The approach used to introduce the changes reflects that for all the talk of collaboration in tough times, the gap between the government and the business community is as wide as it has ever been...
Their primary concerns are new measures that would exponentially increase the fines charged for anti-competitive behaviour and would freeze assets while a Competition Bureau investigation is under way. Accusations of conspiracy would lose the current "undue effect on competition" test, and leave it to the discretion of the bureau.
For large corporations which typically have hundreds of deals with other companies, it would require a massive and expensive audit and analysis of each one of those transactions...
Those who will be most affected by the changes argue that such important steps should be reviewed carefully and on a standalone basis, rather than being pushed through with the haste of emergency stimulus packages. But the political nuance behind the new rules makes any attempts at concerted objection particularly tricky.
Many of the key elements of the changes this time around first surfaced in Bill C-19 in 2005, which died with Paul Martin's Liberal government. Ironically, several of the Conservatives who were instrumental in fighting Bill C-19 at that time are now involved in pushing it through.
In November 2005, James Rajotte was the Conservative industry critic and he argued passionately against the passage Bill C-19 at industry committee hearings. Specifically, he is on record urging more thorough consultation before the measures (which are largely intact this time around) proceed any further.
Mr. Rajotte is now head of the parliamentary finance committee, which is attempting to push through the budget legislation as quickly as possible.

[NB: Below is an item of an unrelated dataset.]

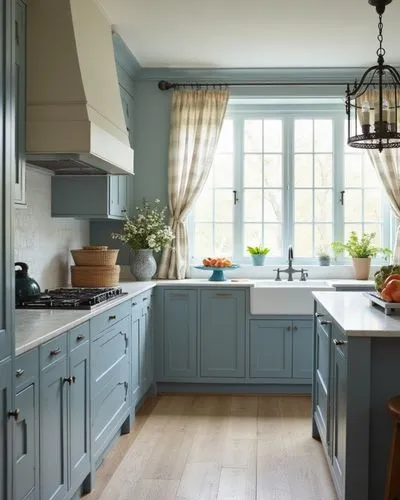 A serene indoor design emphasizing natural materials and a muted blue palette. The cabinetry in soft grey-blue tones is paired with rustic wooden flooring and a marble-textured island. A large window 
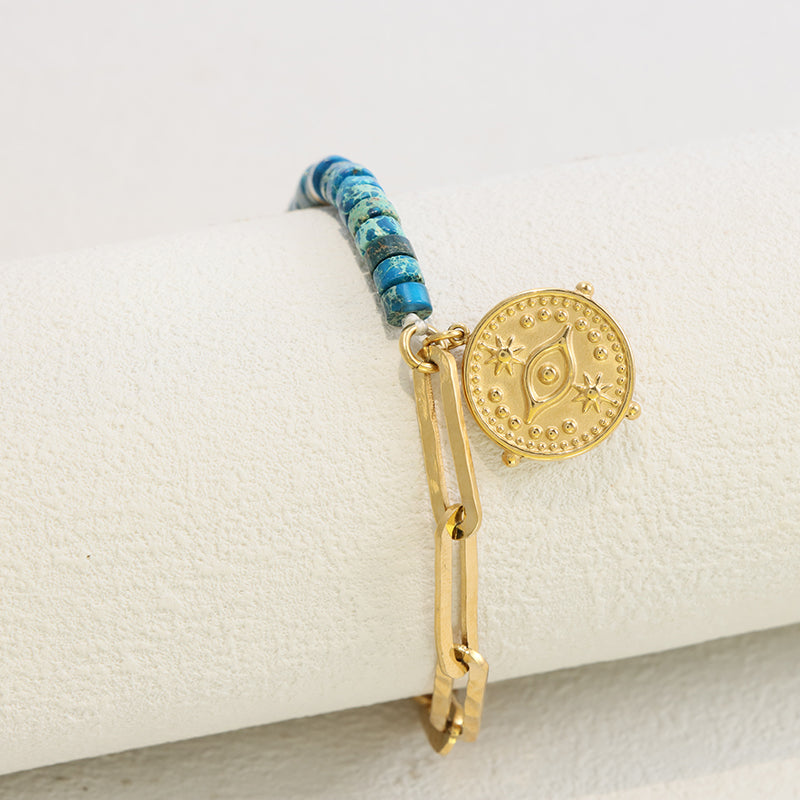 Blue Lapis Lazuli Evil Eye Bracelet - Stainless Steel Curb Chain Women's Jewelry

From there, if a combined effort from the NDP and business leaders can pressure the Cons into pulling a couple of the elements of the budget out for further consultation, then it's hard to see how they'd justify doing otherwise when it comes to the parts of the budget bill dealing with pay equity and other issues. Which means that a temporary joint effort with corporate Canada may be the best way for the NDP to ultimately influence what does and doesn't get passed in the budget.